* **TO DO**: Please repeat, exactly and without pictures, the lines of the entries below that run from the one containing "Εντυπωσιακά πλάνα από" through the one containing "萨米尔·萨乌德当选巴西足协主席".

* **AVAILABLE RECORDS**:

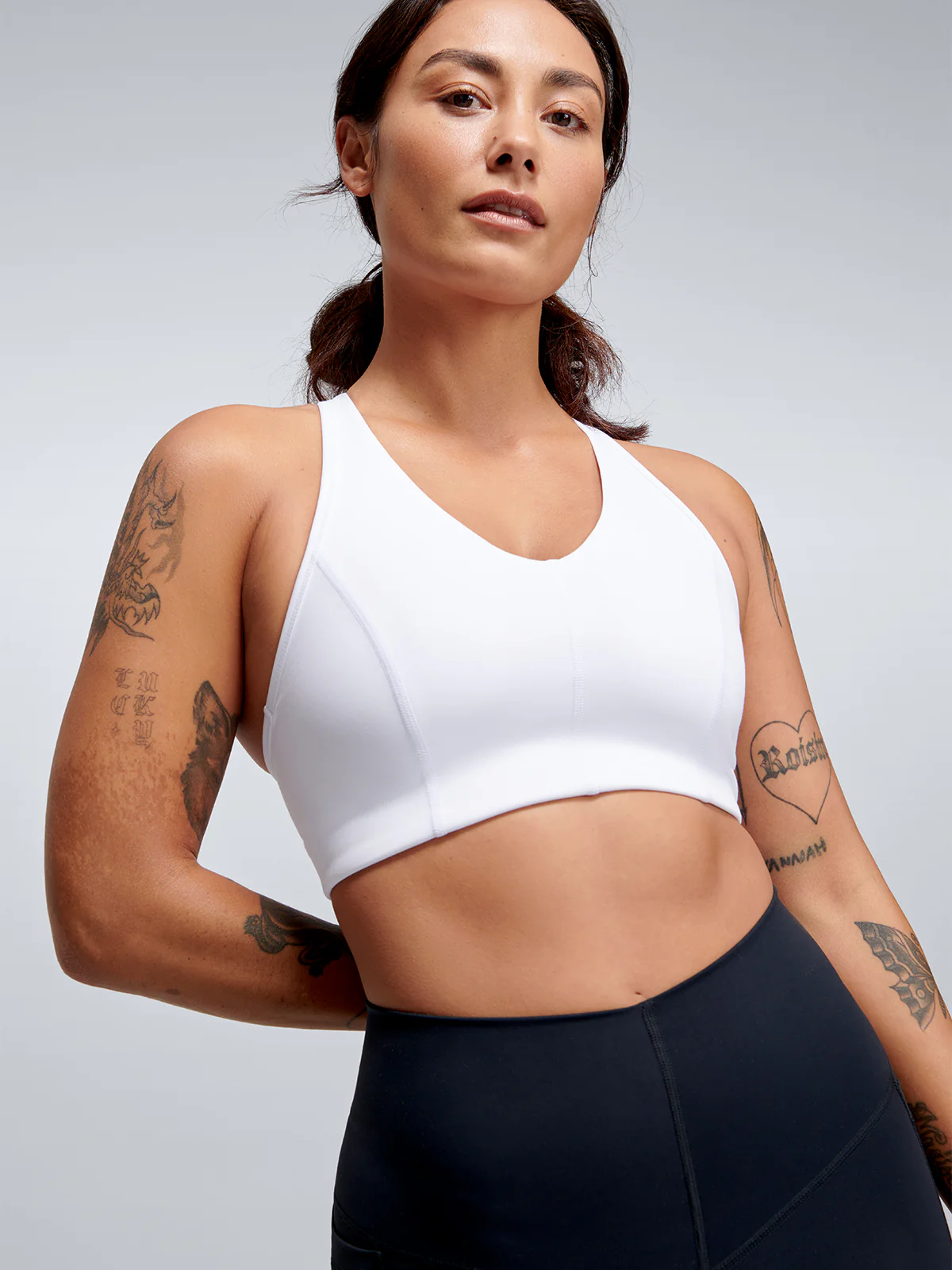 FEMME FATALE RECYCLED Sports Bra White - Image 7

--

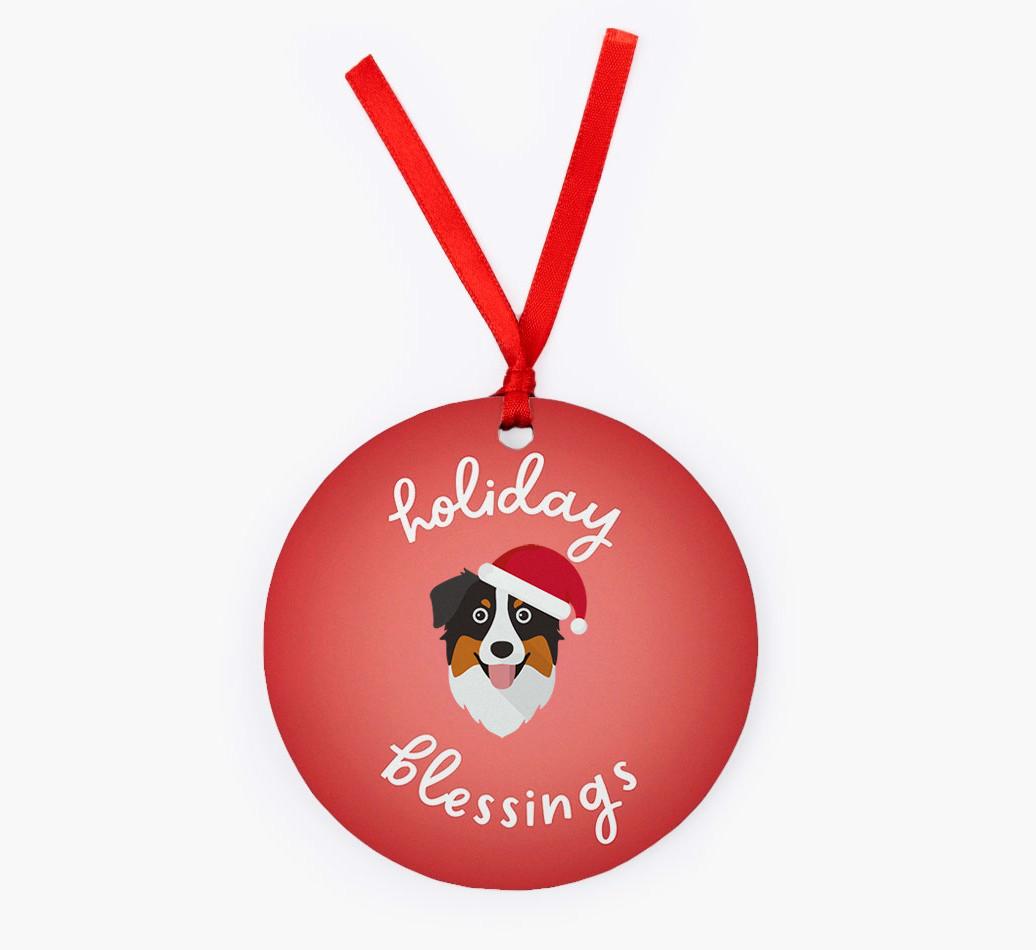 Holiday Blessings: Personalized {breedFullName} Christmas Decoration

---

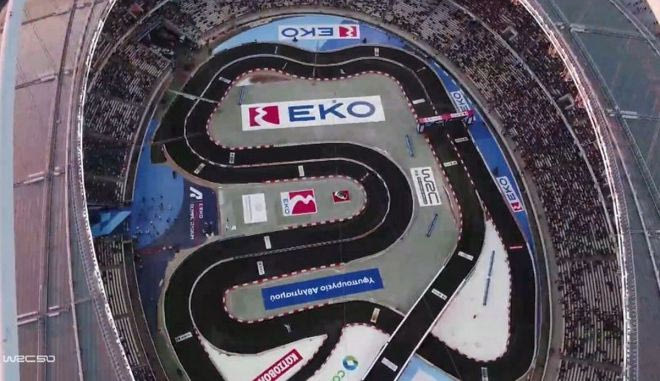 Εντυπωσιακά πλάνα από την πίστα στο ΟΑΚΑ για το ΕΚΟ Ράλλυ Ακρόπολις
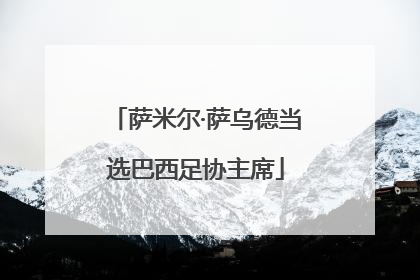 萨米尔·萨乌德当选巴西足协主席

* **TASK OUTPUT**:
 Εντυπωσιακά πλάνα από την πίστα στο ΟΑΚΑ για το ΕΚΟ Ράλλυ Ακρόπολις
 萨米尔·萨乌德当选巴西足协主席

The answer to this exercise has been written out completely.